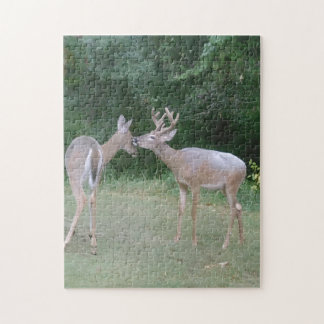 Puzzle Amateur de la nature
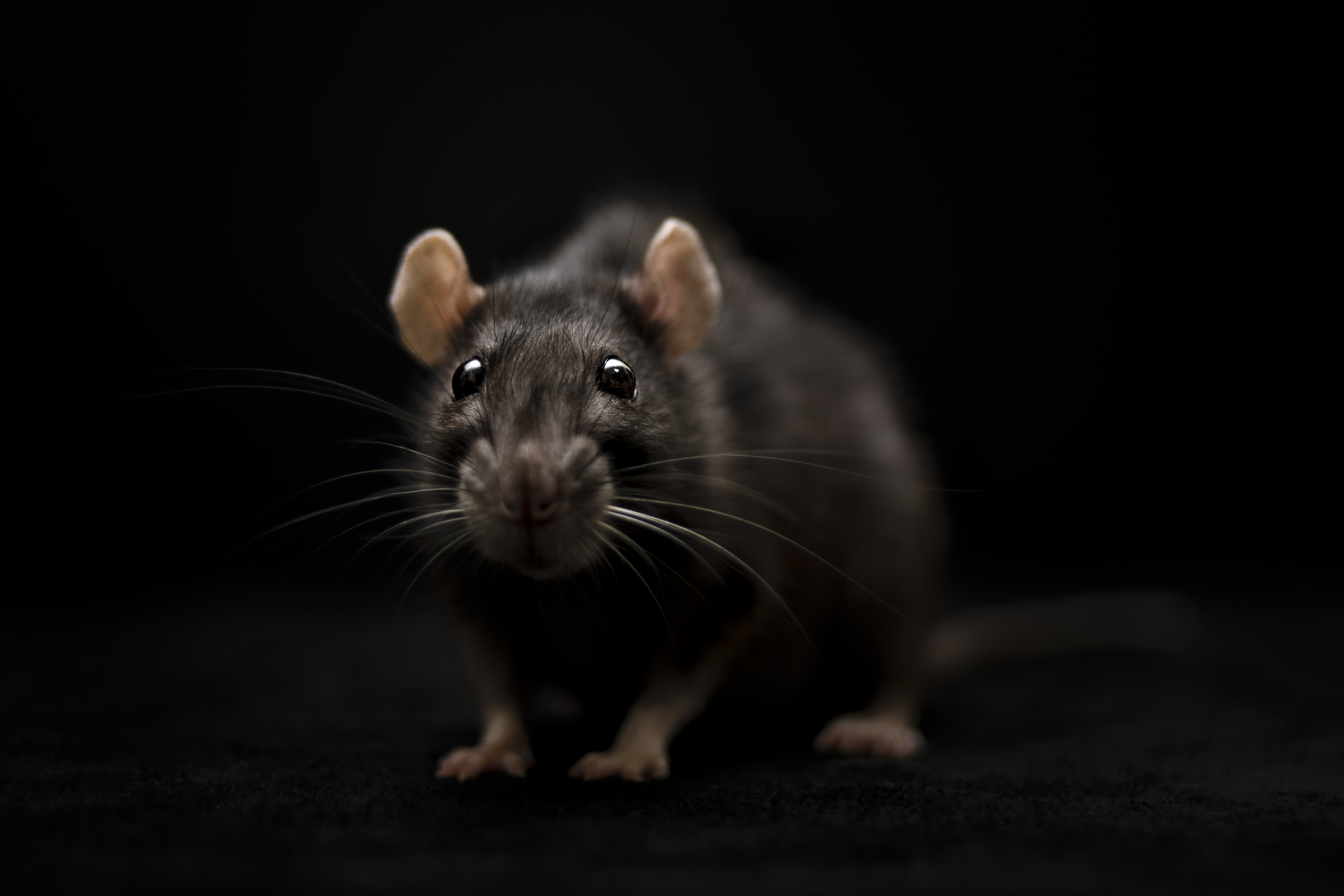 Rare Giant Rat Caught On Camera In Case You Needed Something New To ...
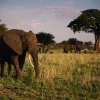 Responsible Tourism in Tanzania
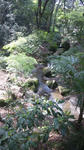 100418_1404~01.jpg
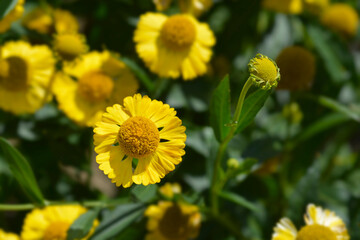 Common sneezeweed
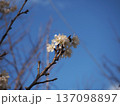 青空と咲き始めた桜(水滴をつけたシナミザクラの花) 青空と咲き始めた桜(水滴をつけたシナミザクラの花) 137098897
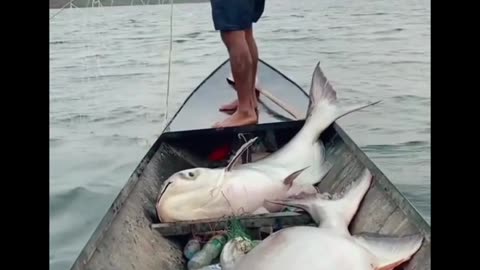 So beautiful Fishing video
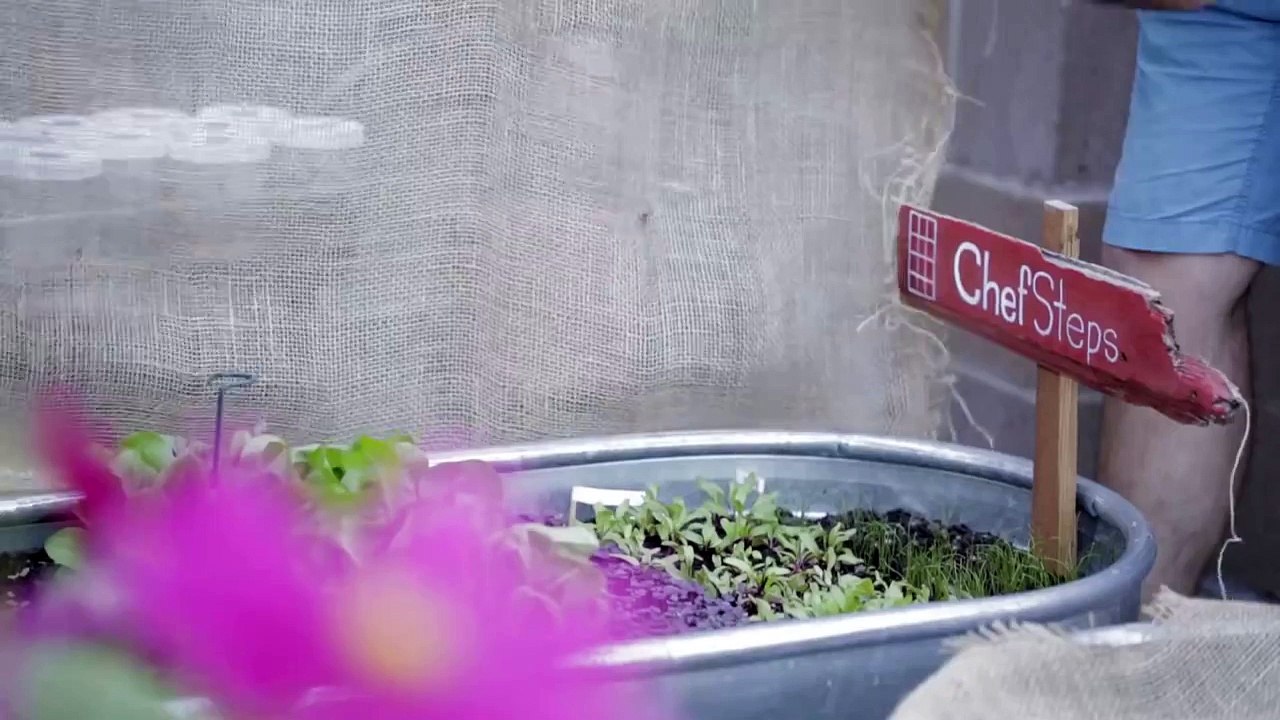 Microgreens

■ PROBLEM TO WORK ON: An exact copy of the listing above is to be set down, with no pictures in it.

■ RESPONSE TO THIS TASK:
 Puzzle Amateur de la nature
 Rare Giant Rat Caught On Camera In Case You Needed Something New To ...
 Responsible Tourism in Tanzania
 100418_1404~01.jpg
 Common sneezeweed
 青空と咲き始めた桜(水滴をつけたシナミザクラの花) 青空と咲き始めた桜(水滴をつけたシナミザクラの花) 137098897
 So beautiful Fishing video
 Microgreens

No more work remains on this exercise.